中本氏:現在、約200種類弱の香りの中からいくつかの香りを調合して、要素臭を用意しています。香りを再現する際には、対象となる香りに対して質量分析器という測定器を使い、マススペクトル(成分の特徴を示すデータ)を測定します。そのデータをもとに、何種類くらいの要素臭があれば元の香りを再現できるかを判断します。現在、頻繁に使用している要素臭は20種類程度ですが、精度と再現のしやすさのバランスを考えながらいろいろと数を調整しています。

一方で、香りの創作に関する研究では、言語表現から意図した香りを作り出すことを目指しています。従来、香りの創作は複数の香りを混ぜて新しい香りを精製する作業を、調香師と呼ばれる専門家が行っていました。調香師は特別な訓練を積んでいるのですが、それでも香りを精製する作業は非常に複雑なため、それを生成AIを使うことでより簡単に実現できるようにしたいと考えています。最終的には、例えばスマートスピーカーのようなデバイスに欲しい香りの要素やイメージを言葉で伝えれば、嗅覚ディスプレイと呼ばれる機器で創作した香りを提示します。

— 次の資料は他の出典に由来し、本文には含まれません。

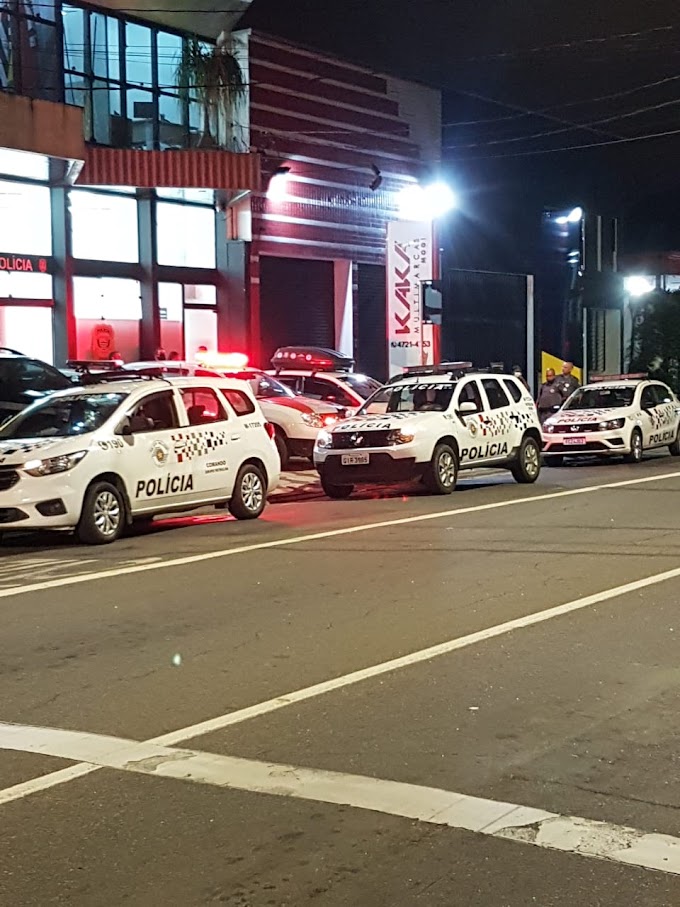 LADRÕES CAPTURADOS PELA POLÍCIA MILITAR APÓS FURTO EM UMA CASA NO DISTRITO DE JUNDIAPEBA. ELES JÁ ESTÃO NA CADEIA DE MOGI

──具体的に、香り創りで生成AIをどう活用されるのでしょうか。

中本氏:生成AIによる香りの創作には、拡散モデルという手法を使っています。まず、マススペクトルのデータとともに香り記述子を入力して新しいマススペクトルを生成させ、「ウッディ」「スパイシー」「フローラル」など香りの特徴を表す言葉を関連づけました。次に生成AIを使って、例えば「甘い」や「爽やか」といった香りのイメージを表す言葉に対応する香りの、マススペクトルを作りました。それらのデータに基づいて、実際に香りを調合するための精油の種類と、配合割合を数値計算で導き出す仕組みを築きました。

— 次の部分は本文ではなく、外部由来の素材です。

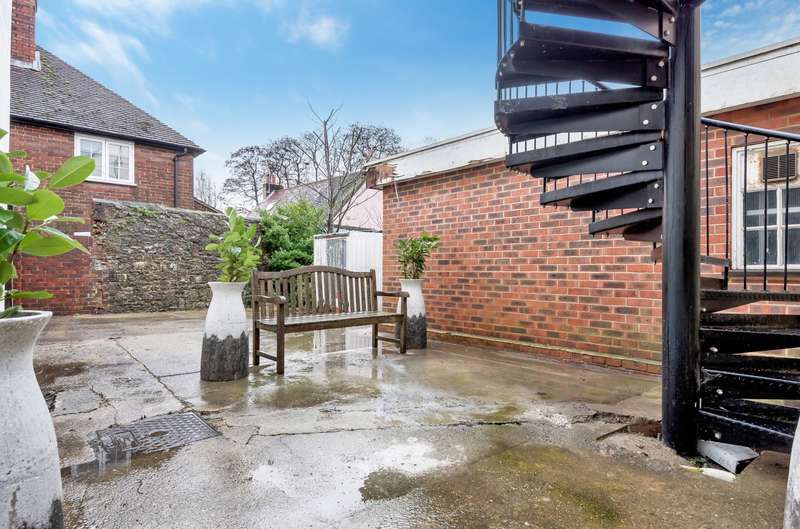 3 Bedroom Flat For Sale In High Street, Storrington, RH20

(図1)生成AIを活用した香りの生成(出典:東京科学大学 ホームページ)
(図1)生成AIを活用した香りの生成
(出典:東京科学大学 ホームページ)

香りの特性を生かした新しい分野のコンテンツを開発

──この研究は、どのような分野で役立つのでしょうか。

中本氏:例えば香水以外にも、シャンプーや洗剤、飲料水など、香りが重要になる工業製品が世の中には多々あります。そうした製品の香り付けには、多大なコストと時間をかける必要があるのですが、今はすべての工程を調香師が人手で作業しています。そこを生成AIに任せれば、開発コストや期間が短縮でき、調香師は最終的な仕上げをする際に香りのアクセントを付けるような作業に専念できます。

食品においても、香りは重要です。特に食べ物に関しては、我々が味と思っているものが、実は匂いであったりすることが結構あるんです。口と鼻はつながっているので、食べものを口にしてもその香りがすぐに鼻に伝わり検知されます。ですので、微妙な食品の違いを出す際にも香りに頼ってることが結構多く、その際の香り付けにも生成AIによる香りの創作が役に立ちます。

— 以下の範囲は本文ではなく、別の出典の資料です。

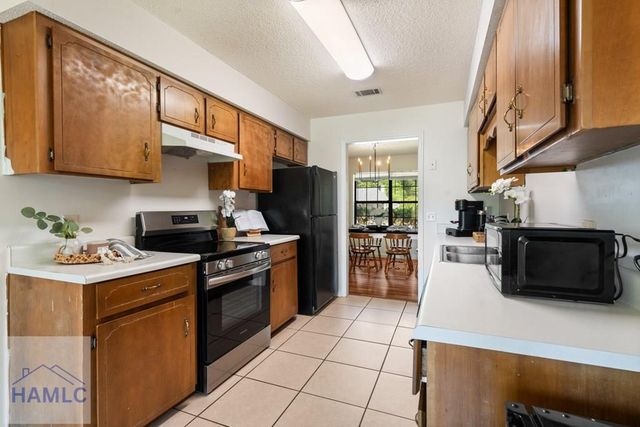 921 Willowbrook Drive, Hinesville, GA 31313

──先生は香りを使った、新しいコンテンツの研究もされていますね。

中本氏:例えば、香りを射出する嗅覚ディスプレイを使った、新しいコンテンツが期待されています。鼻の粘膜に存在する嗅細胞は直接脳とつながっているので、匂いには記憶を刺激する役割もあります。また、人間が特定の匂いを嗅いだ際に、その匂いに紐づいた過去の記憶や感情が呼び起こされる「プルースト効果」と呼ばれる現象も証明されています。そうした匂いの特性を生かして、例えばパソコンの画面に触れることで、画面の表示に応じた香りが出るゲームを作りました。そのゲームには、高齢者に嗅覚トレーニングを通じて認知機能を向上させるという狙いがあります。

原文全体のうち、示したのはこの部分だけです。